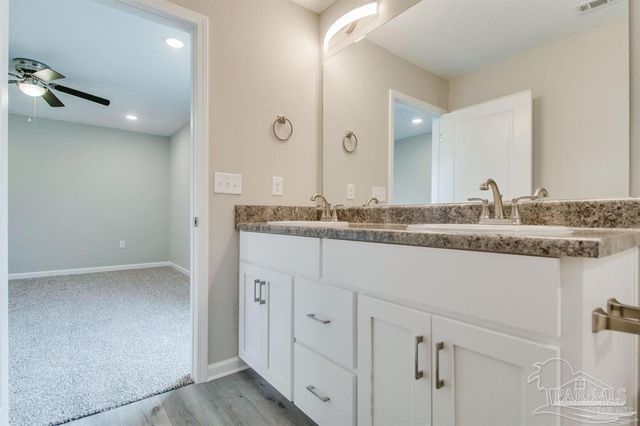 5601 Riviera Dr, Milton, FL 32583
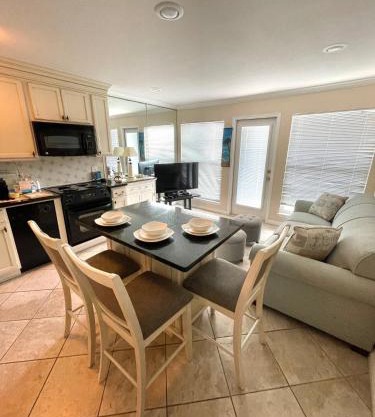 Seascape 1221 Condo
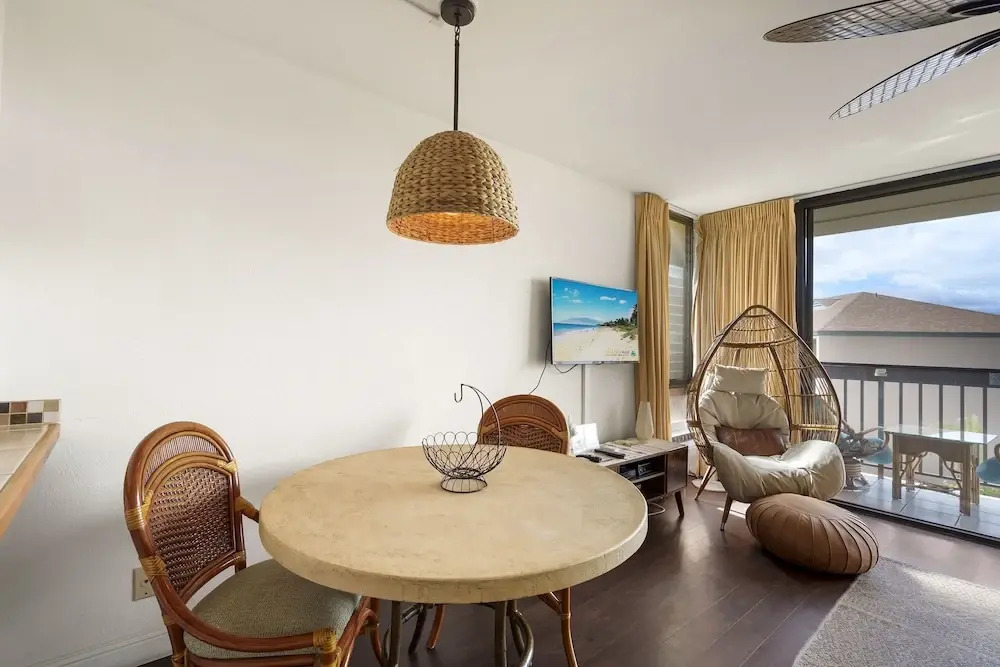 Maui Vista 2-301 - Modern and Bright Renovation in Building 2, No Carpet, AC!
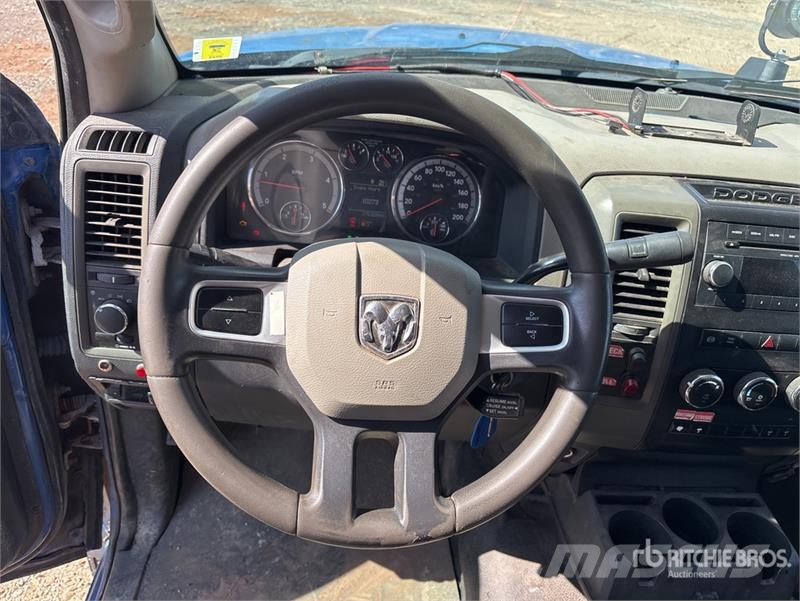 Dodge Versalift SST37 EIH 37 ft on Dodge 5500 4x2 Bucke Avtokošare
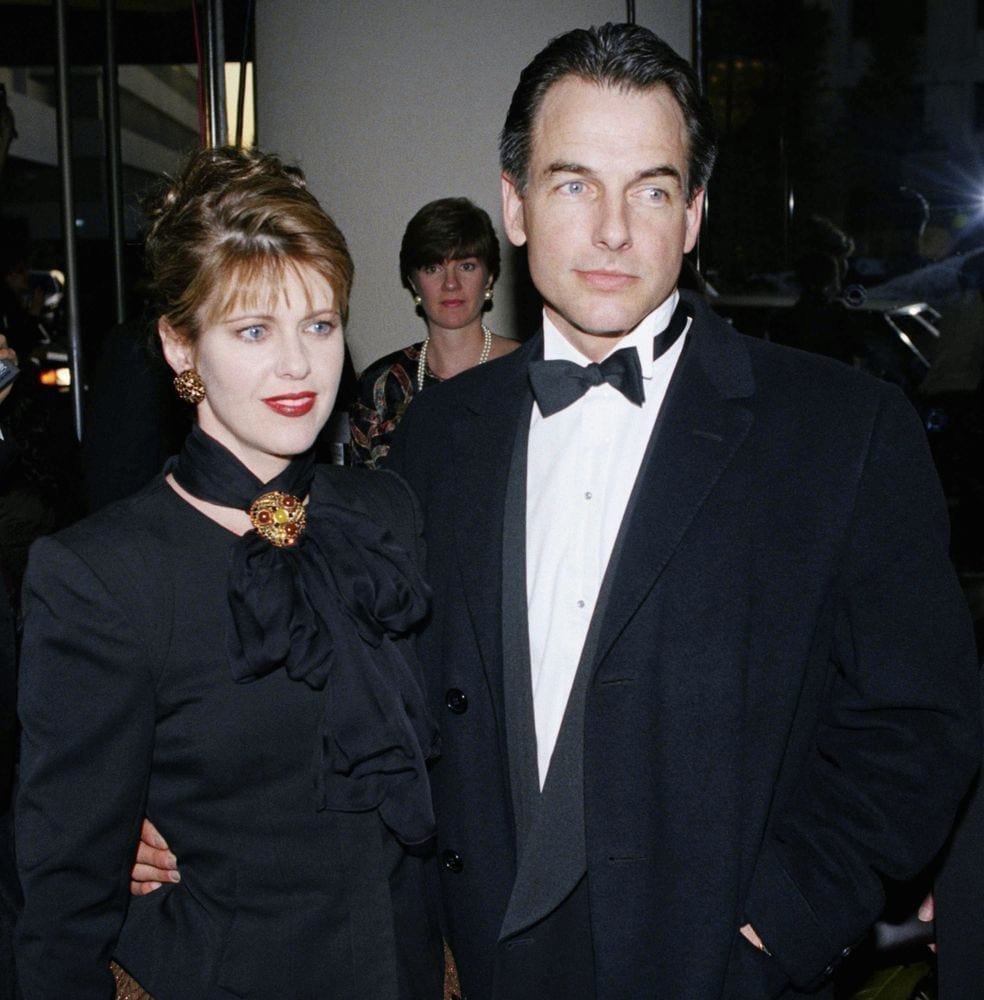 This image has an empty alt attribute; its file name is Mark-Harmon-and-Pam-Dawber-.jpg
··········
TASK REQUIREMENTS
Beginning with the line that contains "Maui Vista 2-301" and ending with the last line of the data above, output those lines exactly and nothing more, without any pictures.

YOUR RESPONSE
 Maui Vista 2-301 - Modern and Bright Renovation in Building 2, No Carpet, AC!
 Dodge Versalift SST37 EIH 37 ft on Dodge 5500 4x2 Bucke Avtokošare
 This image has an empty alt attribute; its file name is Mark-Harmon-and-Pam-Dawber-.jpg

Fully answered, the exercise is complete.